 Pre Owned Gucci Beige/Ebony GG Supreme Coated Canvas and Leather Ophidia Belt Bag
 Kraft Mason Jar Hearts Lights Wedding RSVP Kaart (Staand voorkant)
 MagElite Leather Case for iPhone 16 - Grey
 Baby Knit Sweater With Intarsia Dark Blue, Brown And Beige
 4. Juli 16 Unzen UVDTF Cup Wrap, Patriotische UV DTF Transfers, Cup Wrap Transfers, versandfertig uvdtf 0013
==
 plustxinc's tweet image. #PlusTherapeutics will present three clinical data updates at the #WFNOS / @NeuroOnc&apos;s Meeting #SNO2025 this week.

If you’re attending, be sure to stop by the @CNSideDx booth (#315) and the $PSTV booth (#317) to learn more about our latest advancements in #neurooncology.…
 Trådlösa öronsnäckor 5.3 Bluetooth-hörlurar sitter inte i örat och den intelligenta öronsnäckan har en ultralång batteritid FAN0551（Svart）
...
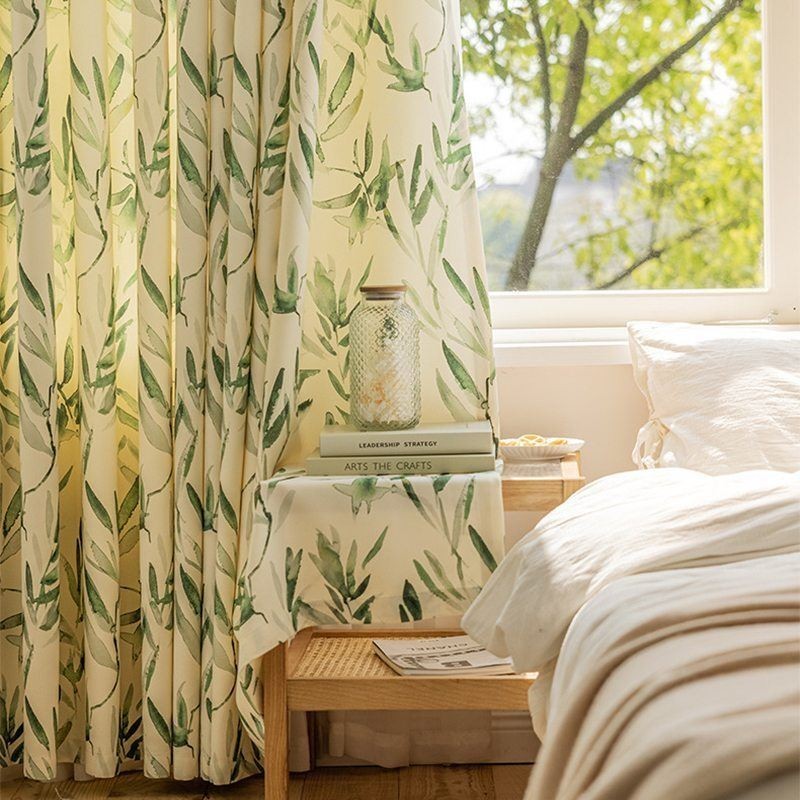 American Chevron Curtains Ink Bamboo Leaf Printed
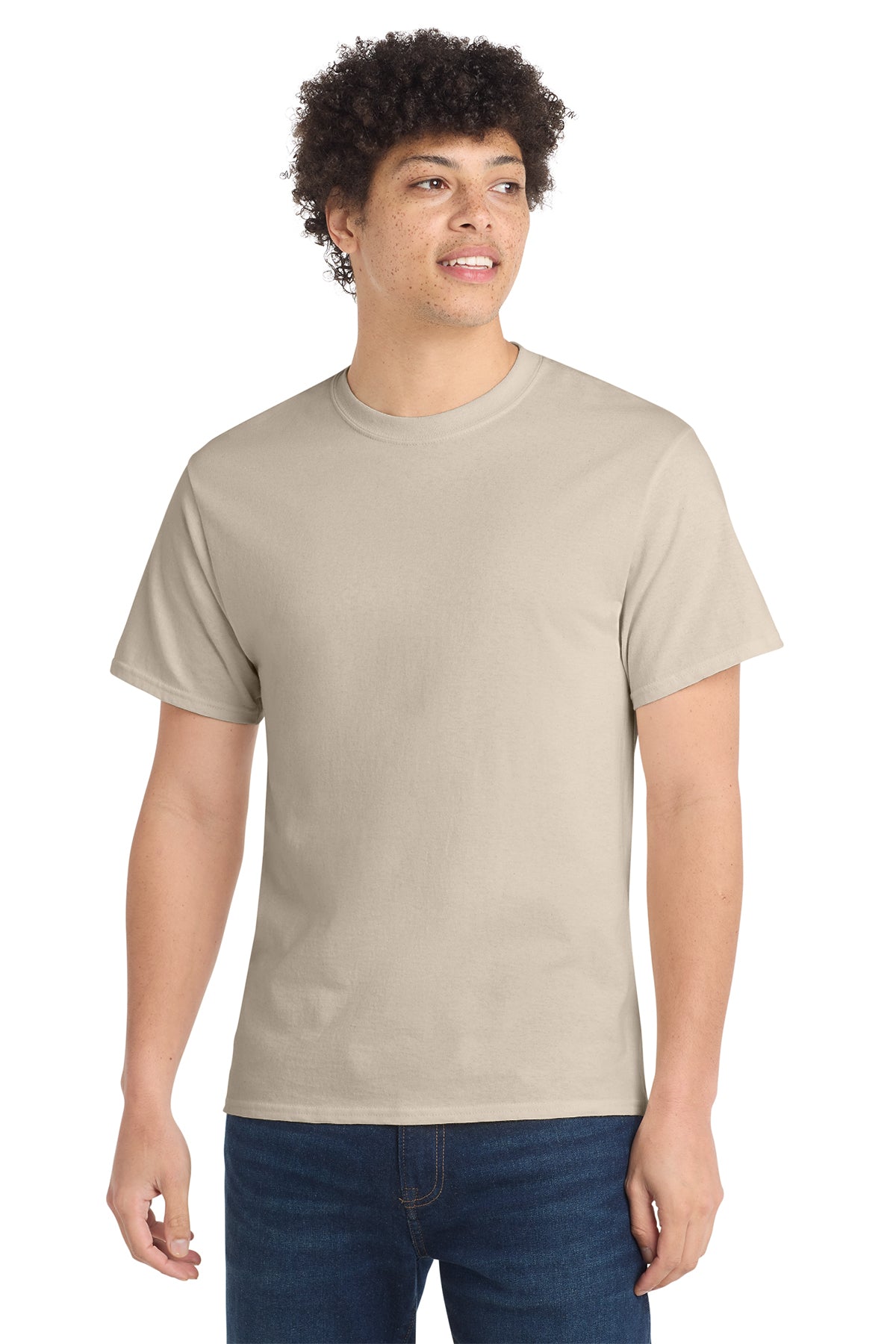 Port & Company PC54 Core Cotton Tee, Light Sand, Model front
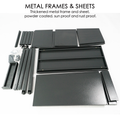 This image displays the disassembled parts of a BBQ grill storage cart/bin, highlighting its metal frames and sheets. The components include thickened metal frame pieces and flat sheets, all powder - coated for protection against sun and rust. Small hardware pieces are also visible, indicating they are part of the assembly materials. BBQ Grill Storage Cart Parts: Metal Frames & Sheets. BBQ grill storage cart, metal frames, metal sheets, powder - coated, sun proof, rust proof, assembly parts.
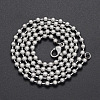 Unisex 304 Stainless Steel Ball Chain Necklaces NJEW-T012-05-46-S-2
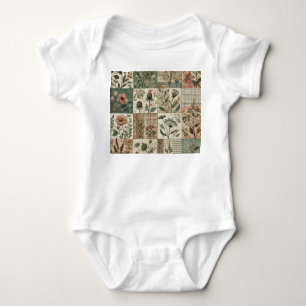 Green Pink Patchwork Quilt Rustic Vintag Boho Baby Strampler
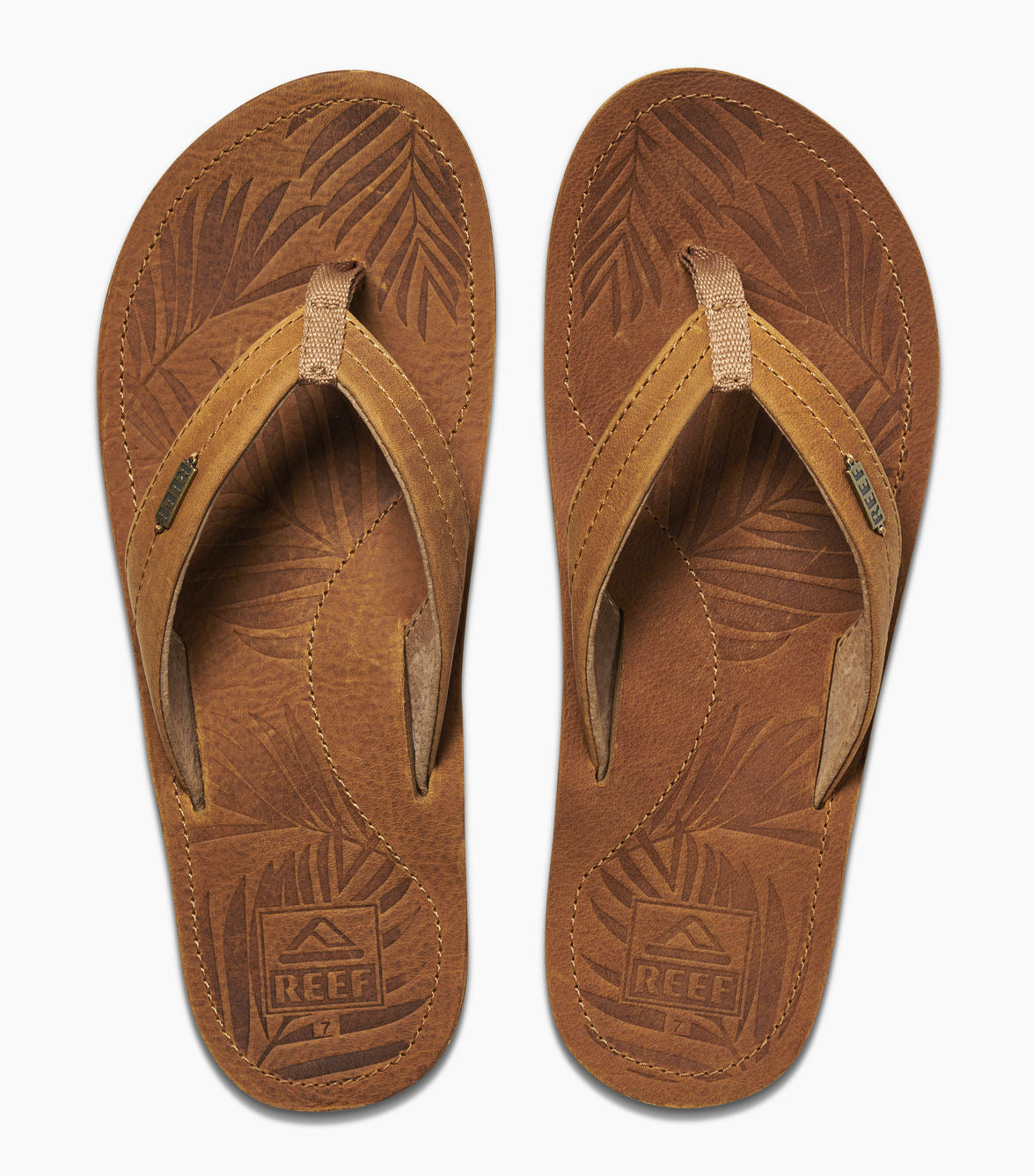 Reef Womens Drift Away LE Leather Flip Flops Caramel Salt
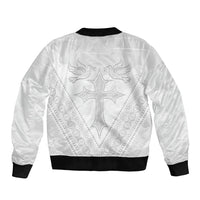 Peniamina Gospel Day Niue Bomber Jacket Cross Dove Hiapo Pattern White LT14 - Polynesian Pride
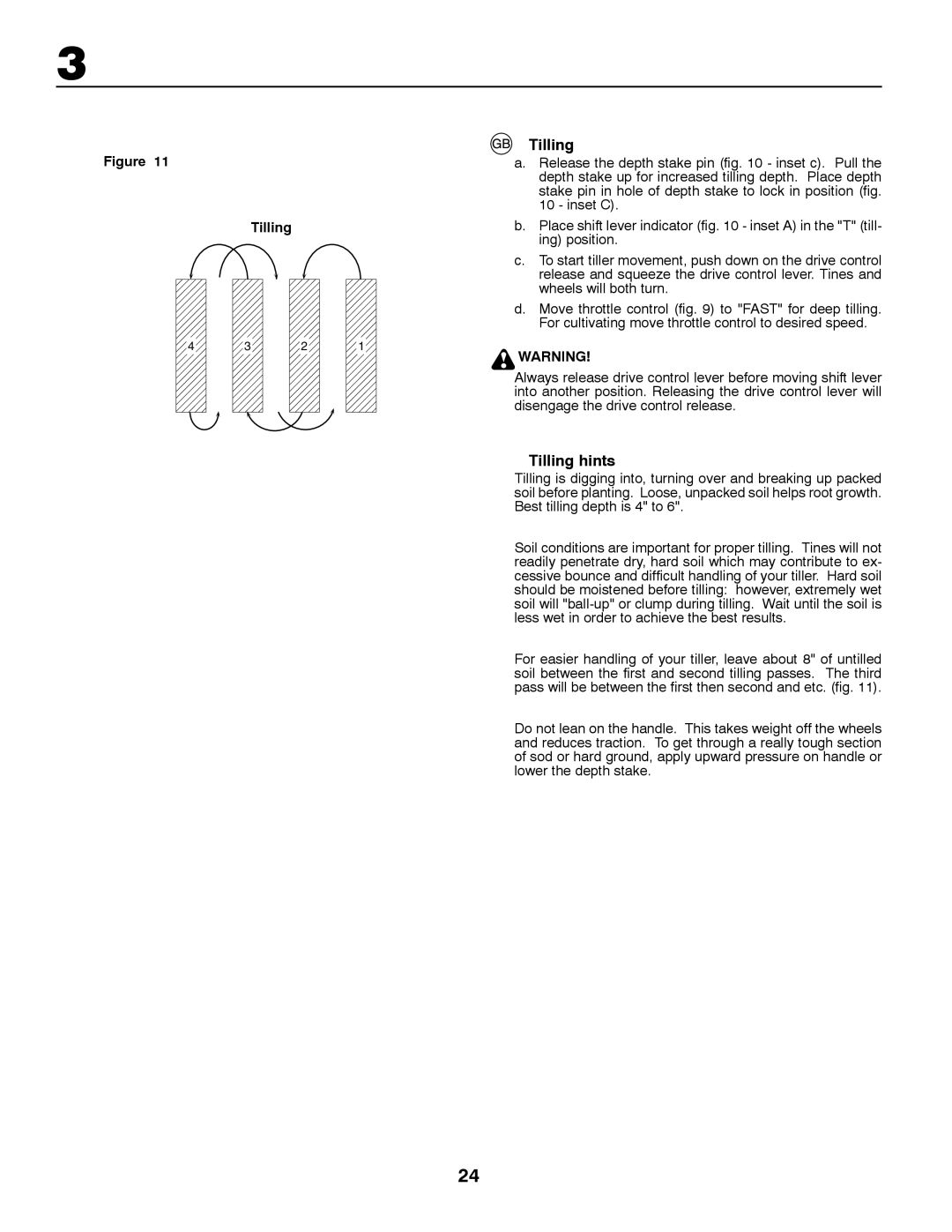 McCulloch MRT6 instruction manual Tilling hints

● Instructions to follow:
Although pictures appear among the records above, none are to be output; print exactly the lines from the line containing "American Chevron Curtains" through the line containing "McCulloch MRT6 instruction".

● Answer to the problem:
 American Chevron Curtains Ink Bamboo Leaf Printed
 Port & Company PC54 Core Cotton Tee, Light Sand, Model front
 This image displays the disassembled parts of a BBQ grill storage cart/bin, highlighting its metal frames and sheets. The components include thickened metal frame pieces and flat sheets, all powder - coated for protection against sun and rust. Small hardware pieces are also visible, indicating they are part of the assembly materials. BBQ Grill Storage Cart Parts: Metal Frames & Sheets. BBQ grill storage cart, metal frames, metal sheets, powder - coated, sun proof, rust proof, assembly parts.
 Unisex 304 Stainless Steel Ball Chain Necklaces NJEW-T012-05-46-S-2
 Green Pink Patchwork Quilt Rustic Vintag Boho Baby Strampler
 Reef Womens Drift Away LE Leather Flip Flops Caramel Salt
 Peniamina Gospel Day Niue Bomber Jacket Cross Dove Hiapo Pattern White LT14 - Polynesian Pride
 McCulloch MRT6 instruction manual Tilling hints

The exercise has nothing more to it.